Archives de l'Aide-mémoire>Aide-mémoire n°74

Mots
Traité

Par Henri Deleersnijder

Tout comme la Terre, l’Histoire est une grande mangeuse d’hommes. Voilà des siècles et des siècles qu’elle est scandée de guerres meurtrières et de différends divers entrecoupés de périodes de répit, généralement introduites par la signature entre belligérants de traités de paix. Mais la haine a toujours soif, surtout lorsqu’elle est titillée par l’un ou l’autre intérêt économique, et les accords conclus entraînant de nouvelles relations pacifiques se transforment souvent au bout d’un temps en « chiffons de papier ». On sait que cette expression a été employée, début août 1914, par le chancelier allemand Theobald von Bethmann Hollweg pour qualifier le Traité des XXIV articles de 1839 par lequel la Prusse – ainsi que les autres grandes puissances de l’époque – garantissait la neutralité perpétuelle de la Belgique.

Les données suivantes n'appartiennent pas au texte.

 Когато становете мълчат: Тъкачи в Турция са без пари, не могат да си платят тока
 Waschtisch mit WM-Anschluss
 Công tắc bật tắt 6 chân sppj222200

On pourrait évidemment évoquer d’autres contrats du passé, solennellement signés entre des pays, et qui furent littéralement maltraités. L’ennui, c’est que ce sont les peuples qui paient en général les pots cassés de ces clashs diplomatiques, débouchant si fréquemment sur des conflits armés. Parfois même, avec des résultats certes moins dramatiques en l’occurrence, les citoyens se sentent floués après avoir été consultés par voie référendaire : ce fut le cas en France et aux Pays-Bas en 2005 à propos du Traité constitutionnel européen qu’ils avaient rejeté. Qu’à cela ne tienne, deux ans plus tard était signé le traité de Lisbonne (simplification du premier) qui entrera en vigueur en 2009. De telles entourloupes juridiques n’ont pas manqué d’ébranler la confiance, déjà bien entamée, de bon nombre de populations de l’Union européenne (UE) qui sentent confusément que trop de décisions prises en haut lieu leur échappent, et ce en dépit de leur droit d’élire leurs députés au Parlement de Strasbourg.

Que dire alors du projet de grand marché transatlantique (GMT) ? Ce traité de libre-échange entre l’UE et les États-Unis, répondant au nom de Partenariat transatlantique de commerce et d’investissement (PTCI/TAFTA), se négocie depuis juillet 2013 loin du radar des médias. Ces pourparlers de l’ombre, où s’activent des lobbyings industriels et financiers, pourraient aboutir à un effilochage de nos règles sociales et environnementales, le droit des actionnaires des multinationales pouvant même prévaloir sur les lois des États. Place donc au commerce sans entraves ! « L’apparente technicité du sujet masque l’importance des enjeux : si ces projets devaient aboutir, la vie quotidienne de plus d’un milliard d’individus s’en trouverait bouleversée », avertit le n° 141 de « Manière de voir » (juin-juillet 2015) du Monde diplomatique, intitulé « TAFTA, CETA, TISA… Libre-échange, la déferlante ».

Car, à condition de prendre du champ, que constate-t-on ? Ceci, en priorité : il fut un temps où, sous l’Ancien Régime, le despotisme éclairé voulait faire le bonheur des peuples sans eux. Et si aujourd’hui, en notre train-train de vie soumis aux aléas et autres exigences d’un capitalisme délesté de toute régulation protectrice des plus faibles, c’était un économisme (soi-disant) éclairé qui s’ingéniait à rendre les individus – réduits à de simples consommateurs – heureux, forcément heureux… Redoutable illusion.

D’ailleurs, un des premiers sens du verbe « traiter », issu du latin tactare, est « traîner violemment ». À méditer, à coup sûr.